‘The Jungle Book’ 2.0 is a necessity to watch


DPS Inc.

"The Jungle Book" lifts from the pages of Kipling's writing, but doesn't leave the animation technique.

Chesirae Barbano, Staff Writer

Rudyard Kipling’s “The Jungle Book” left the pages on April 15 for its debut on the big screen.

Directed by Jon Favreau and screenplay written by Justin Marks, this live action and CGI combination captivated the audience with its attention to plot and character design. The realistic depictions achieved through CGI was worth the extra money spent for 3D or XD. The 2016 adaption created lifelike animal characters that only drew the audience in as they walked and talked like real jungle creatures. The movie set a new expectation for live-action and CGI combination films.

In cases like “The Jungle Book,” visuals made up a large portion of the awe factor, but the actors held their own in this intricate cinema combination.

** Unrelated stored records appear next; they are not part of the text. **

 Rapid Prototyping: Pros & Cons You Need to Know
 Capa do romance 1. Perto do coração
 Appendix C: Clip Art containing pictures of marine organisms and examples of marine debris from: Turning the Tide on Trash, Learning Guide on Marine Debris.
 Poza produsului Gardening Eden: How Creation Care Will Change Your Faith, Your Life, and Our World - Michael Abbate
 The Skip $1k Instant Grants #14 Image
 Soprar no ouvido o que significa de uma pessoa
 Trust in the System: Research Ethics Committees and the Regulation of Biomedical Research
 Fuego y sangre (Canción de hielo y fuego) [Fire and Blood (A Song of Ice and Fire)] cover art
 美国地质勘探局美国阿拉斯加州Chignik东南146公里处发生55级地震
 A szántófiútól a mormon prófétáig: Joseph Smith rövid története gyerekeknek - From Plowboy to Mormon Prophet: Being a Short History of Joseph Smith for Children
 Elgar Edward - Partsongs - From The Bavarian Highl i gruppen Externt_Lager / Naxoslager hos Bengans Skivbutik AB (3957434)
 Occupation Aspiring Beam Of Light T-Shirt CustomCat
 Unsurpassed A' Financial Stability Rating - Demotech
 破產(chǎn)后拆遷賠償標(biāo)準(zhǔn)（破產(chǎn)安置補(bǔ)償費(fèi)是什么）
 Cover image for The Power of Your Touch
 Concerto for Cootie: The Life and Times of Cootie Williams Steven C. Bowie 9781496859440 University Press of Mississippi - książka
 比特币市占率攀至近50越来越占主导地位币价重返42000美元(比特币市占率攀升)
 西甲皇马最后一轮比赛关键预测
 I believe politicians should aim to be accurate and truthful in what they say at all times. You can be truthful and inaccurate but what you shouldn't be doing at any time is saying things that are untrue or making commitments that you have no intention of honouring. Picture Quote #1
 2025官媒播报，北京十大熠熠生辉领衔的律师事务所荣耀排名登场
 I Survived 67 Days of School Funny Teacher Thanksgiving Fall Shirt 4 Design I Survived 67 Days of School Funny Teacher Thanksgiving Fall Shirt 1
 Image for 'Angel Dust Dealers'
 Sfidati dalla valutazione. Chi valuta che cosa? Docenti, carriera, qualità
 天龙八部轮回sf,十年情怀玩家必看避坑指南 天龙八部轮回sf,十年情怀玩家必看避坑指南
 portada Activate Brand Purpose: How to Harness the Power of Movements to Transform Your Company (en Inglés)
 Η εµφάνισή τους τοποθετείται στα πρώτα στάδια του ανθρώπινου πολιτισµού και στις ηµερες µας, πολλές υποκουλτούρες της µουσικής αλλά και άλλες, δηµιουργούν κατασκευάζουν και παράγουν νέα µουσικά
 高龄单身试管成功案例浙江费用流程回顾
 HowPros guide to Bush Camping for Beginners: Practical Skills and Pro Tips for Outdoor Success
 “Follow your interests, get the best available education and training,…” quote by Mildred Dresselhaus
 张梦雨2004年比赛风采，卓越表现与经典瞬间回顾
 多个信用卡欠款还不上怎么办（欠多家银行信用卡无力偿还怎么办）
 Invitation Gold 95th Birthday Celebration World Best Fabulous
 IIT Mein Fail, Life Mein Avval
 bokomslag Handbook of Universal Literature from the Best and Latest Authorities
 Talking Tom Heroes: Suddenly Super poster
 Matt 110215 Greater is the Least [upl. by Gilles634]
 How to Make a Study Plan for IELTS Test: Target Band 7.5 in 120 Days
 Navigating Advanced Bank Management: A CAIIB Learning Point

While child actors don’t have much experience, Neel Sethi’s depiction of Mowgli was accurate to the young character and balanced well with the notorious animal voice cast. With Ben Kingsley voicing Bagheera and Bill Murray voicing Baloo, the movie balanced the serious plot with humorous banter.

Like most Disney movies, “The Jungle Book” featured tributes to the original adaption. The tunes that made the 2016 cut weren’t needed, but classic songs like “The Bare Necessities” and “I Wanna Be Like You” made the audience smile.

However, the intense chase scenes coupled with the realistic depictions of fearsome beasts produced gasps and jumps even from an adult audience. Favreau’s version of this children’s movie wasn’t child-like and scared even adults. It wasn’t the typical feel good Disney movie one would expect from “The Jungle Book.”

While the CGI was mesmerizing, the movie was too short for plot to actually build without feeling rushed.

While the physical depictions of the animals were lifelike, the intricate social hierarchy between species was carelessly executed.

“The Jungle Book,” like all movies, had noticeable flaws. However, the 2016 version is a milestone in cinema technique that anyone with an interest in theater, animals, or old Disney movies should see.